(GIVEN MATERIAL):

------

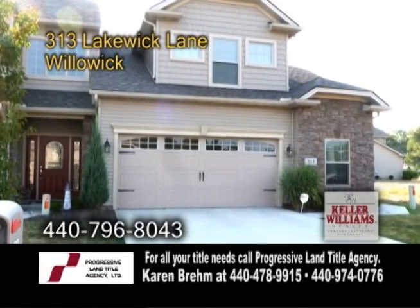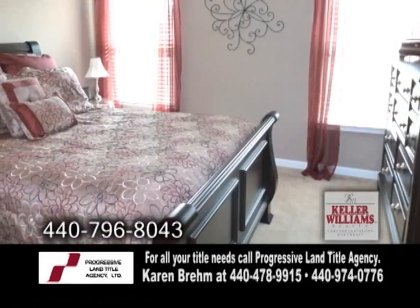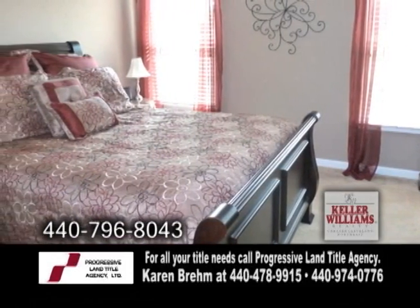A town home in Willowick. This home features two bedrooms and two and a half baths. The master suite on the first floor features a walk-in closet and a master bath.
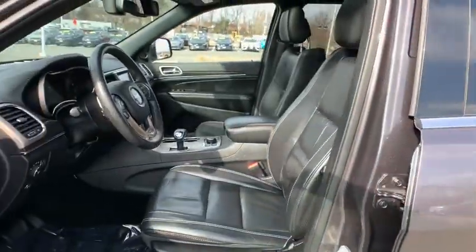This vehicle has less than 70,000 miles. Here are some of this vehicle's great options.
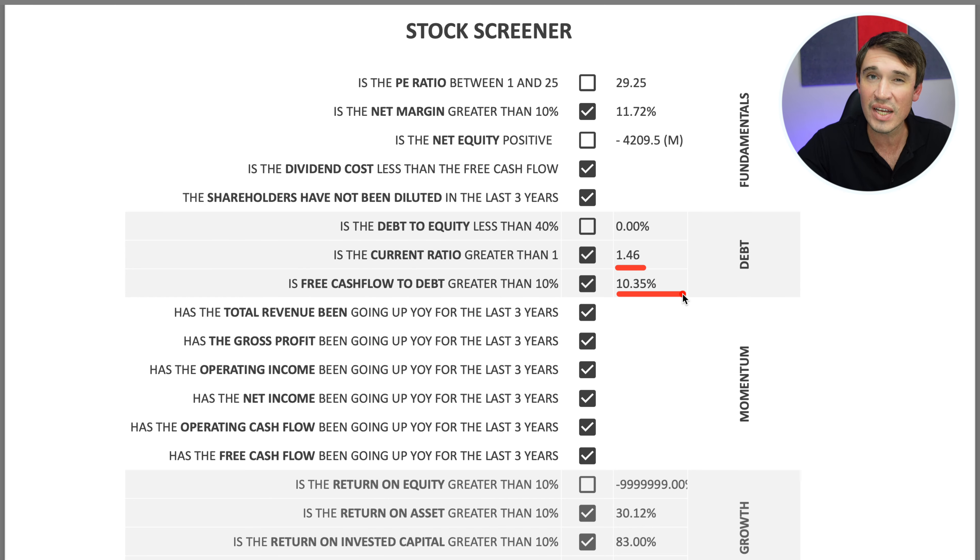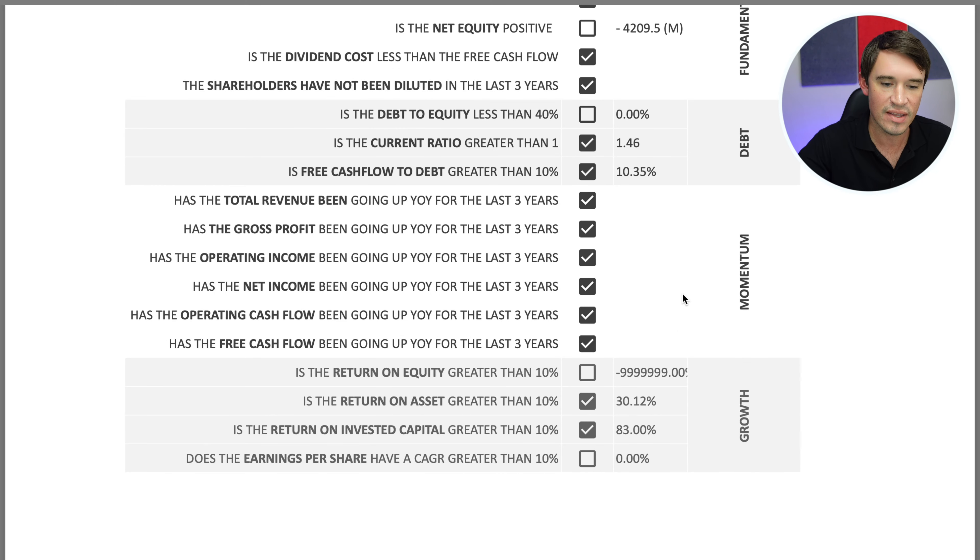For the momentum questions, the year-on-year data shows this company has a lot of momentum — everything from the top line to the bottom line has been growing year on year. On the growth side, return on equity is not greater than 10% due to negative equity, but return on assets is 30.12%. The return on invested capital is absolutely phenomenal at 83%, which also explains why the company carries so much debt — it's making excellent use of leverage.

------

(TASK DESCRIPTION): Could the material above be given again in full and exactly, with its pictures left out?

(WRITTEN ANSWER):
A town home in Willowick. This home features two bedrooms and two and a half baths. The master suite on the first floor features a walk-in closet and a master bath.
This vehicle has less than 70,000 miles. Here are some of this vehicle's great options.
For the momentum questions, the year-on-year data shows this company has a lot of momentum — everything from the top line to the bottom line has been growing year on year. On the growth side, return on equity is not greater than 10% due to negative equity, but return on assets is 30.12%. The return on invested capital is absolutely phenomenal at 83%, which also explains why the company carries so much debt — it's making excellent use of leverage.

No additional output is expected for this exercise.